What in the world???
You think that a kid with a negative coping mechanism for depression and anxiety deserves to have friendships cut off??? That's terrible. My child has plenty of healthy friendships, even a bf/gf. Those friendships are important and meaningful, isolation would be devastating. I acknowledge some teens doing this will push boundaries, threaten self-harm, but that is a separate issue. For my child, it is really all about internal feelings.
Yes it is scary, yes it is sad, yes it makes no sense to those of us who could not imagine cutting ourselves. These kids do not want to do this, they certainly do not want to be judged or isolated for it.

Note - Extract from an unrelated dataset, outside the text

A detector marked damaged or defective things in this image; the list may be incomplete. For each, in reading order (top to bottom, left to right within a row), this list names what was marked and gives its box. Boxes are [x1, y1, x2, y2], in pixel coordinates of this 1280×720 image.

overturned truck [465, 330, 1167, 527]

Anonymous wrote:Anonymous wrote:I would cut that friendship off very quickly. As someone who had friends attempt suicide or cut, it's never going to be a healthy friendship. You don't want your kid
to spend their time trying to save that person or feel responsible should something happen.
What in the world???
You think that a kid with a negative coping mechanism for depression and anxiety deserves to have friendships cut off??? That's terrible. My child has plenty of healthy friendships, even a bf/gf. Those friendships are important and meaningful, isolation would be devastating. I acknowledge some teens doing this will push boundaries, threaten self-harm, but that is a separate issue. For my child, it is really all about internal feelings.

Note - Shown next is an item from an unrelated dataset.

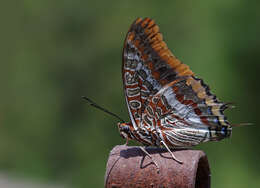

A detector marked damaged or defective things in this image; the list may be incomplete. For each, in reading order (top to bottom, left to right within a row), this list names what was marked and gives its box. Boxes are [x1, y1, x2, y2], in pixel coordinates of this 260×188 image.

Yes it is scary, yes it is sad, yes it makes no sense to those of us who could not imagine cutting ourselves. These kids do not want to do this, they certainly do not want to be judged or isolated for it.
Anonymous wrote:I would cut that friendship off very quickly. As someone who had friends attempt suicide or cut, it's never going to be a healthy friendship. You don't want your kid
to spend their time trying to save that person or feel responsible should something happen.

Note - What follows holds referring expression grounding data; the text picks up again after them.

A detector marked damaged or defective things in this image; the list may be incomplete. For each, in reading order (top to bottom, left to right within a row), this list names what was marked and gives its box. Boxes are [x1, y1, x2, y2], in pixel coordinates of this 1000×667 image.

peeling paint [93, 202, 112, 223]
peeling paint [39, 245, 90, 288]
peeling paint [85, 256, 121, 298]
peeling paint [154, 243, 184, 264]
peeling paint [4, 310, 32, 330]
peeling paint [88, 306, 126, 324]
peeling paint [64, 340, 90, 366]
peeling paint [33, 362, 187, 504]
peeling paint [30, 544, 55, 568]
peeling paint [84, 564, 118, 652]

Anonymous wrote:I'd tell my child it's indicative of severe childhood trauma, for example sexual abuse, and that child needs professional help, and just kindness from her friends. The best way your child can support her is kindness. There's no logic to cutting oneself. Why buy a book teaching about it??? I wouldn't even give it any validation. It's destructive the behavior. I'd also be concerned what your child is being exposed to at that house. What's going on over there?
Anonymous wrote:Anonymous wrote:I'd tell my child it's indicative of severe childhood trauma, for example sexual abuse, and that child needs professional help, and just kindness from her friends. The best way your child can support her is kindness. There's no logic to cutting oneself. Why buy a book teaching about it??? I wouldn't even give it any validation. It's destructive the behavior. I'd also be concerned what your child is being exposed to at that house. What's going on over there?
While some people who have experienced severe trauma will self harm, it is used by people whose life stresses exceed their coping skills. The APA says gay and bisexual youth are at increased risk for self harm, as well as children who have experienced bullying. Rather than judging the family of a child who is suffering, you might benefit from learning more about why people resort to this behavior: https://www.apa.org/monitor/2015/07-08/who-self-injures
Anonymous wrote:So you are putting inappropriate expectations and demands on your child.
You missed the part where the OP’s son wants to be compassionate and understanding of what his friend is going through.. Nothing inappropriate about that.
He wants to understand and be supportive. She is a dear friend and such a sweetheart.